▽
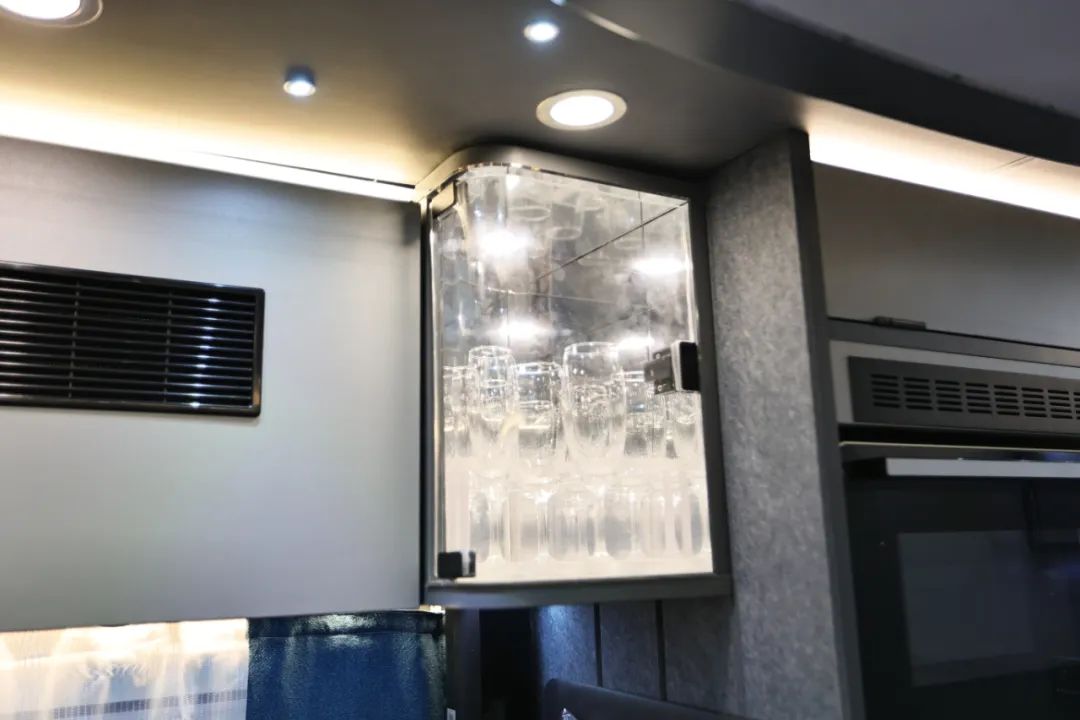 TOD智能四驅 全車越野套件，這是不是你理想的C型越野房車？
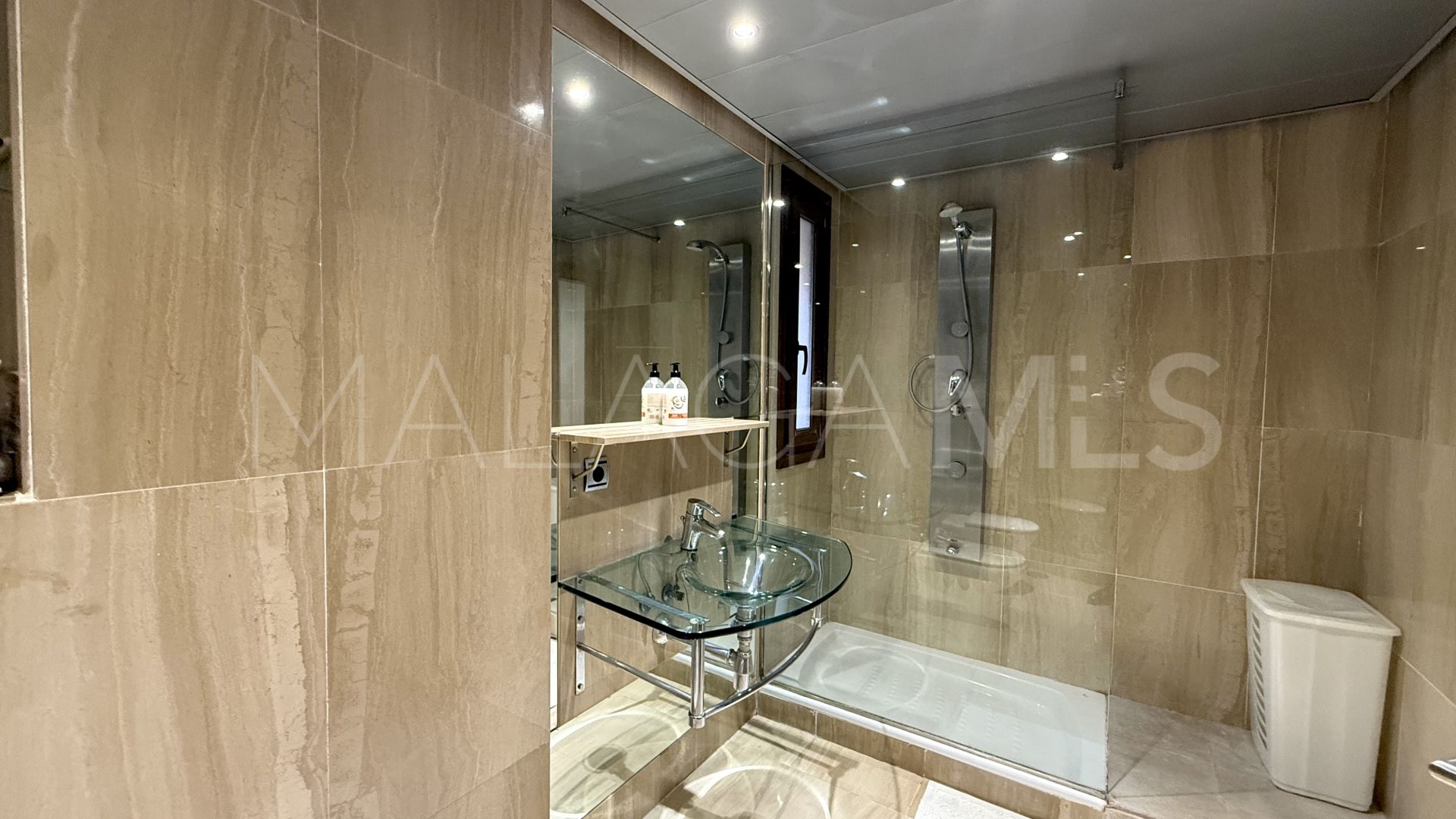 Apartment for sale in Bahia de la Plata with 3 bedrooms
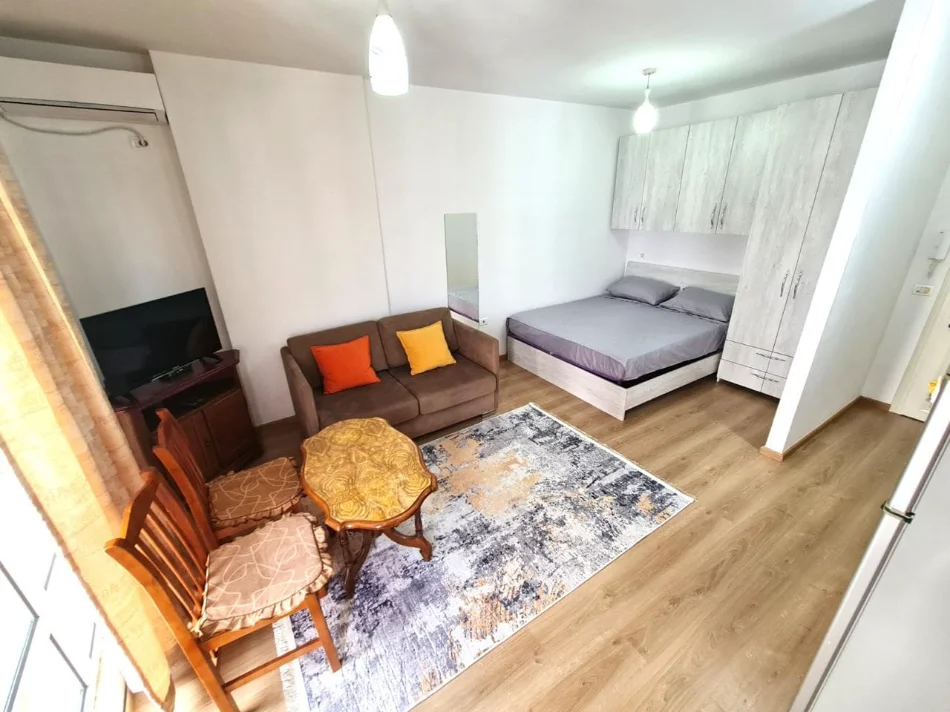 Tirane, jepet me qera garsonier Kati 6, 40 m² 430 € (Rruga e Dibres)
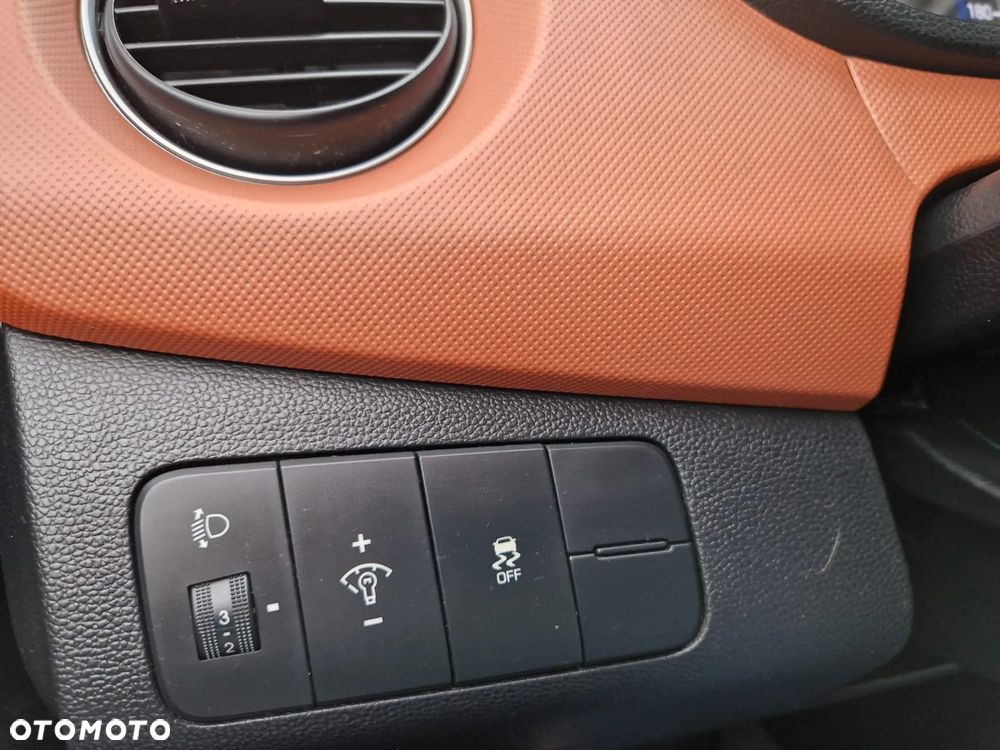 Hyundai i10 - 25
△
» YOUR GOAL: Each line from the line containing "Apartment for sale" through the last line above must be written out exactly, and every picture must be omitted.

» TASK OUTPUT:
 Apartment for sale in Bahia de la Plata with 3 bedrooms
 Tirane, jepet me qera garsonier Kati 6, 40 m² 430 € (Rruga e Dibres)
 Hyundai i10 - 25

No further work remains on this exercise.